You may or may not trust a man who doesn’t trust his own pants but never trust just one copy of healthcare data. This idea seems almost nonsensical or at least obvious to the most casual of observers but here it goes...
One of the lesser quoted benefits of electronic health records, is that they can be copied (not in the illegal way). So the days of a patient’s record lost in the trunk of the doctor’s car (admit it guys, you have been guilty of this at some point) can now be banished to the scary stories of our healthcare childhood. And since they can, they should. The prime directive in data management is that any important data should be duplicated. In the old days we did this by making backup tapes each night and methodically storing them in a safe place (in my trunk always seemed like a good option to me). The problem was if the original was ever destroyed (like that Sunday morning when the oil depot next to the data center blew up in Hemel Hempstead, England), then it might take a while to find the copy, find out if it was the latest and if it really worked (fortunately that copy was in a cave in Wales).

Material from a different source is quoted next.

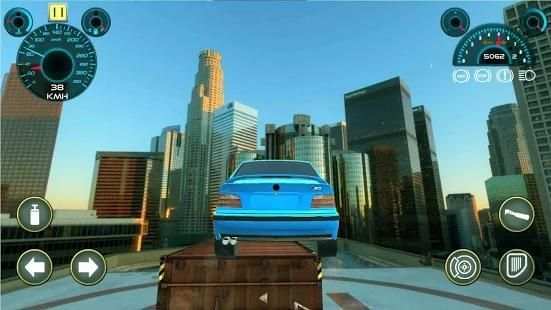 Extreme Real Car Stunt Racing स्क्रीनशॉट 3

The days of tape backups are behind us (no one actually still uses them, do they?) and we have raised the bar. In the old days, having a backup as of yesterday was sufficient. That meant we could lose up to one day’s data, which is fine if it isn’t your data. I mean how would you feel if the results of your colonoscopy were lost? Today, the maximum period of data loss can reasonably be down to a few minutes or seconds. So real-time replication to another location (preferably in another part of the power grid) should now be part of the performance expectations (or service level agreements).

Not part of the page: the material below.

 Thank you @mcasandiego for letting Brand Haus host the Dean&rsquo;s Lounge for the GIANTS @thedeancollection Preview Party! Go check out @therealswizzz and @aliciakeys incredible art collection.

That should give us a nice belt but do we still need suspenders? I am afraid it is so. The focus of any high availability plan is first to eliminate every single point of failure. To find the one thing that, if it failed, would render the data (even briefly) unavailable. We do this routinely with redundant switches, power supplies, RAID drives, and as we just discussed, data centers. So what single point of failure remains to be eliminated? The company. If the company providing the healthcare repository fails (in financial terms, it bites the dust) then those data may be lost. If we are to achieve high availability we must require redundancy in the company.
This will be awkward. Company A offers healthcare repository services, but as part of that service, we require it to provide redundancy; meaning find another (unrelated or they may die at the same time) company (read competitor) to keep a copy of any data it stores. We could ask someone else to take care of this (like the provider of course, since we always dump things we don’t want to deal with on them) but if we are serious about the value of these data then supplying redundancy should be the responsibility of the repository service.
Redundancy in company is the suspenders we need to complement our belt.